■ Work instruction ■
Using the line with "Franco Armani fue" as your starting point, transcribe it and each line beneath it word for word until the records run out, without pictures.

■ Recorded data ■
Content starts

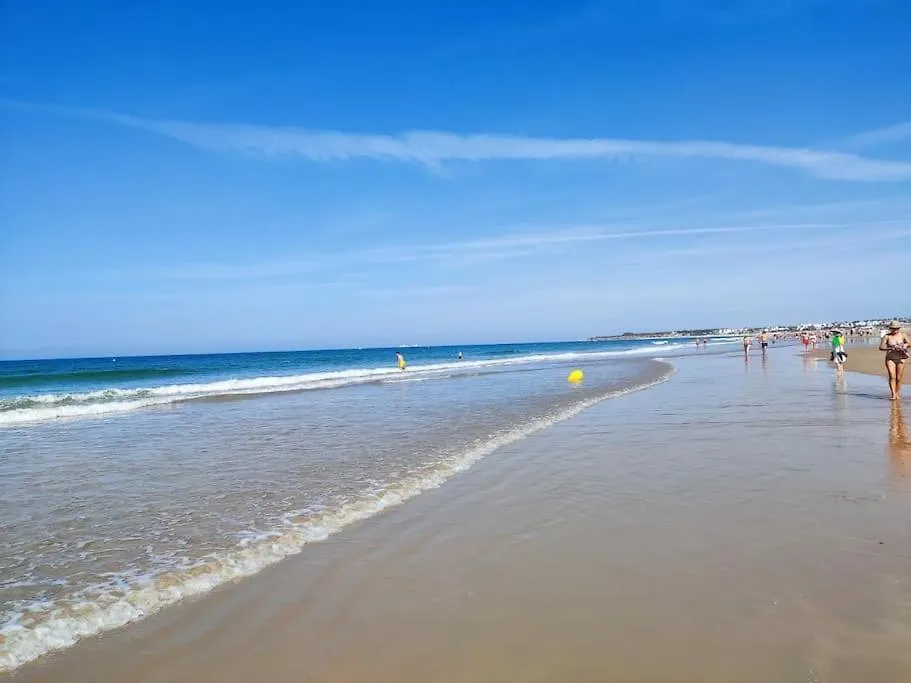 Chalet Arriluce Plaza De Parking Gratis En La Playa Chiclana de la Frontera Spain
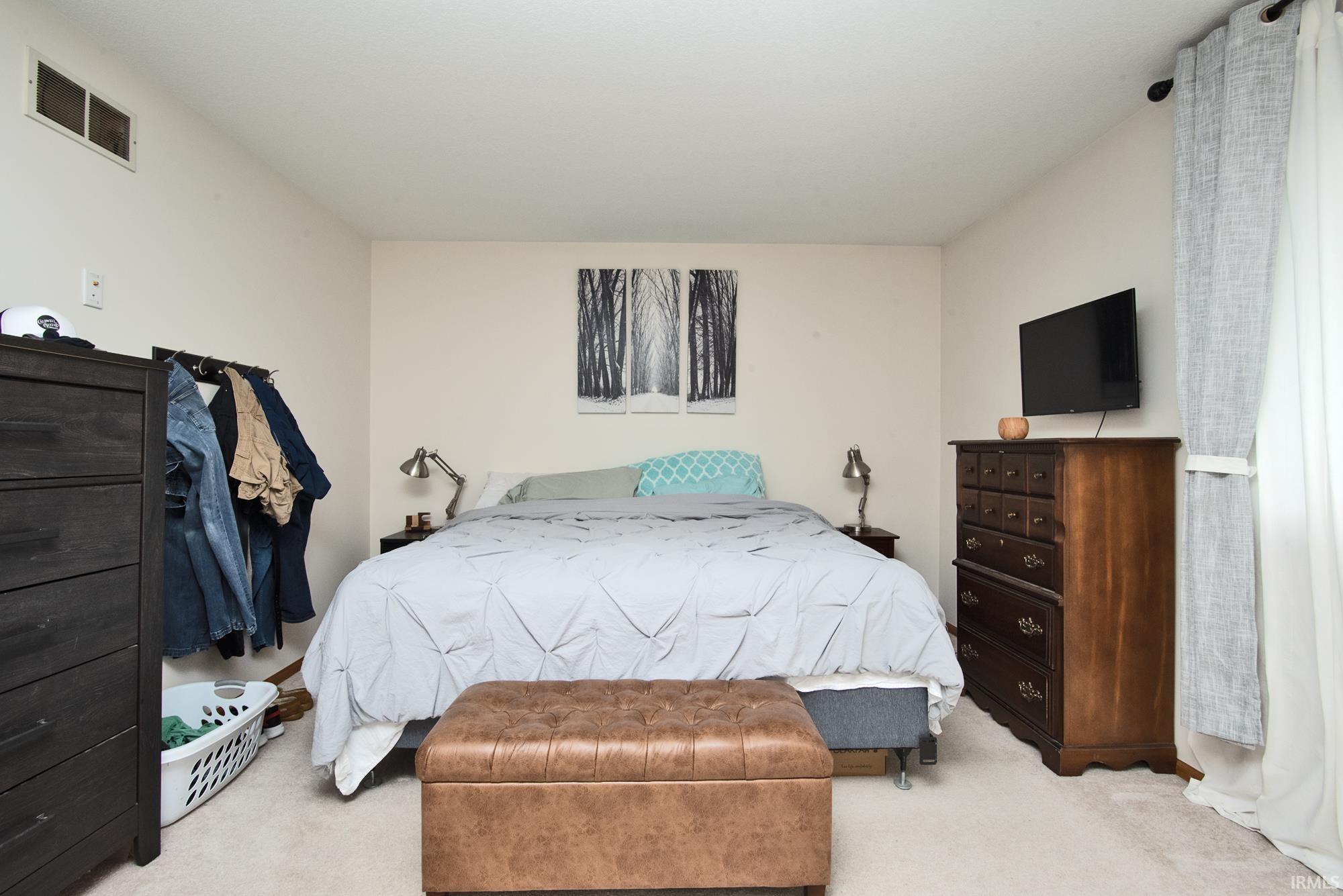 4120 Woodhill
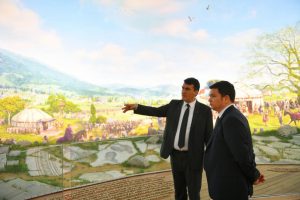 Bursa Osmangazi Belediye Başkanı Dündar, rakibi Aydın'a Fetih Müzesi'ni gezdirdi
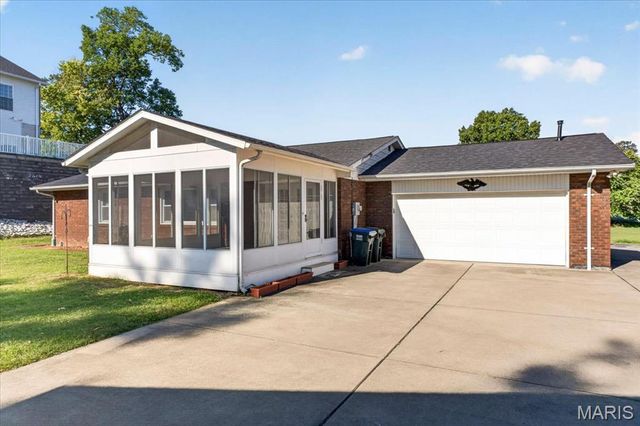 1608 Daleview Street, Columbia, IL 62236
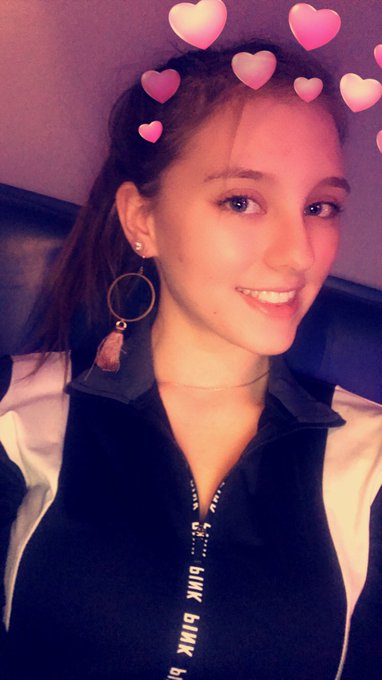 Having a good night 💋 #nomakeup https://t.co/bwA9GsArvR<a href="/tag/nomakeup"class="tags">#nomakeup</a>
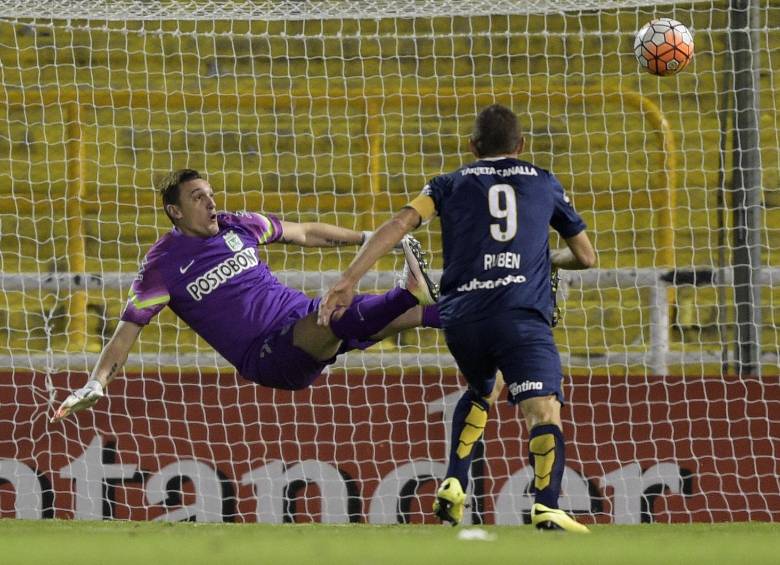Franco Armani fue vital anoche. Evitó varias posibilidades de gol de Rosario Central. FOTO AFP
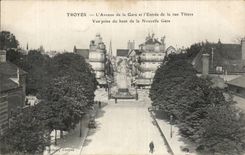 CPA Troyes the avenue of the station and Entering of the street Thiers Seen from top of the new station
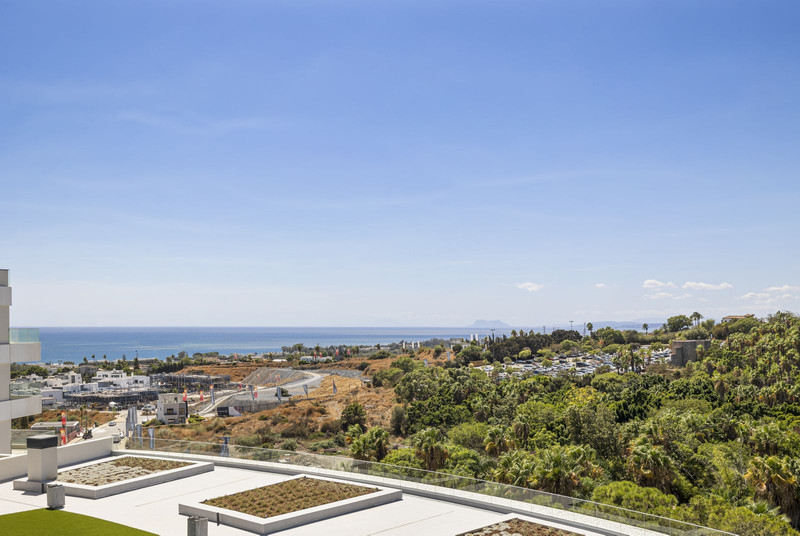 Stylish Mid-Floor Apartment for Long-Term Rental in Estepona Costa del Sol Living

Content ends

■ Response ■
Franco Armani fue vital anoche. Evitó varias posibilidades de gol de Rosario Central. FOTO AFP
 CPA Troyes the avenue of the station and Entering of the street Thiers Seen from top of the new station
 Stylish Mid-Floor Apartment for Long-Term Rental in Estepona Costa del Sol Living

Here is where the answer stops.